The twist mill imported raw cotton in bales and converted it into thread, sometimes known as cotton twist. Obscene profits allowed for the swift construction of a “Jeanie house”, where the thread was woven into cloth, and other ancillary buildings. The fortunes of Catrine over the centuries were determined by world events far away from the village. The balance was tipped by a sequence of wars and economic ups and downs: In 1793 war broke out with France; cotton supplies dried up; the Royal Bank of Scotland nearly collapsed due to unwise investments; business generally was in decline and so began a series of enforced shutdowns of the mill, decimating profits in the process. In 1801 the entire Cotton Works (and hence most of the village too as it was part of the works) were sold to James Finlay & Co. This company had sufficient capital to invest in Catrine at a time when its competitors were struggling to stave off bankruptcy and this technique served Finlay well over the years.

 

In 1806 Catrine was the first cotton works in Scotland to install power looms. In 1816 a gas works began to operate. Catrine had street lighting, two years before London. In 1823 the bleaching works was built.

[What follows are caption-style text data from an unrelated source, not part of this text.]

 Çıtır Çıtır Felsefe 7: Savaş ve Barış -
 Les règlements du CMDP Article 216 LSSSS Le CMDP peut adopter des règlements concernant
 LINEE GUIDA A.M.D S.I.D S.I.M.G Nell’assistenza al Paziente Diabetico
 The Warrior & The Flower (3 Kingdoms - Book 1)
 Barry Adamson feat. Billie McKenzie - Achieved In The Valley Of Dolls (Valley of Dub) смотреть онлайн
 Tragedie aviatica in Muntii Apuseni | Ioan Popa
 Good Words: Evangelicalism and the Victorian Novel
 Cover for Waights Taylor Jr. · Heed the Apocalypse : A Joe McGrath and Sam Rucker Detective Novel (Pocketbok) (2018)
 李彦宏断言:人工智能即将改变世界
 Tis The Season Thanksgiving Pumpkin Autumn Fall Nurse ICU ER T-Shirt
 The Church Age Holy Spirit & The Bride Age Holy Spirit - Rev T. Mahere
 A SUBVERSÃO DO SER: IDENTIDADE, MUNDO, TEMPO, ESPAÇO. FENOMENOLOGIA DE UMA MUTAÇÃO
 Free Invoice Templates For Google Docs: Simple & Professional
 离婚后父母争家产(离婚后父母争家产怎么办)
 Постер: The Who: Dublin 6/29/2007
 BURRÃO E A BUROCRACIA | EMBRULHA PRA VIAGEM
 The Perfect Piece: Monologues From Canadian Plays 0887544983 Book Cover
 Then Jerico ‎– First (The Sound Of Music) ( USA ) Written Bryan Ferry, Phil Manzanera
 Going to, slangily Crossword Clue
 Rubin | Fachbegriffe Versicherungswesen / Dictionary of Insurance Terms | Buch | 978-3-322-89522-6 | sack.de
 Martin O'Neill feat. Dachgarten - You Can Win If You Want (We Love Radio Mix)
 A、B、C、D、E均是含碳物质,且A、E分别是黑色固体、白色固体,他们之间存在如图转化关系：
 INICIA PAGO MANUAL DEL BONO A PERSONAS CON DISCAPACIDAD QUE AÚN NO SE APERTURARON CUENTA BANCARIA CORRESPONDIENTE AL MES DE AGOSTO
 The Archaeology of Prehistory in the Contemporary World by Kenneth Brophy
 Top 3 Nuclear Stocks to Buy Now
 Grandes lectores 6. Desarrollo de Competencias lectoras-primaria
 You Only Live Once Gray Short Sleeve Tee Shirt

In 1828 Catrine was completely modernised when the engineer William Fairbairn remodelled the water system. The highlight of this was the installation of the giant wheels (the “Lions of Catrine”), two fifty foot diameter suspension water wheels, which powered the entire works, and which at the time were the largest water wheels in Britain.

 

 

The Decline

 

Despite all these wonders, there could still be “trouble at mill”. With a dip in the economy in 1834 and 1835, there was sufficient unrest at Catrine that at one point, the militia had to stand off nearby. By 1844, management of the works had been allowed to drift sufficiently that the now loss-making works were put up for sale. It was not a tempting prospect and there were no takers. Meantime, Finlay was diversifying into other business interests, most particularly in tea estates in India and elsewhere. Profits from these enabled a programme of reinvestment at Catrine, which enabled it to prosper until the outbreak of the Second World War. As the mill plodded on, so too did the village, and Victorian Catrine grew up on the south bank of the Ayr. Banks, churches and hotels opened (some later closed). In 1903 the railway belatedly arrived in Catrine, only to close to passengers in 1943. After World War II, Finlay, brimming with confidence, built the New Mill at Catrine.

 

New streets were built in the housing scheme up on the hillside to attract workers, although a writer at the time fretted about it being so far for the housewives to walk to the shops (about 4 minutes) that there was a danger of the place becoming a town of two Catrines. The famous giant wheels were unnecessarily reduced to scrap metal and firewood so that a new hydro-electric scheme could be built on the site but then the hydro site was relocated to (what is now) the car park for the whisky bond. After years of rationing, the British public would buy anything, but when rationing ceased and choice increased, Finlay’s goods looked old-fashioned and expensive next to cheaper imports. Trade declined and by 1968 the New Mill had also closed.

 

The Old Mill itself had been demolished in the early 1960s and the New Mill building soon followed it to the land of memory. To make things worse, Ayrshire’s deep coal mining industry was also collapsing and the removal of these two largest employers in East Ayrshire, textiles and coal, began a generation of decline, deprivation and despair. It is only in recent years as the housing market in Glasgow has overheated and new roads have made the area accessible, that forlorn and empty properties are being redeveloped and new housing is once again being built.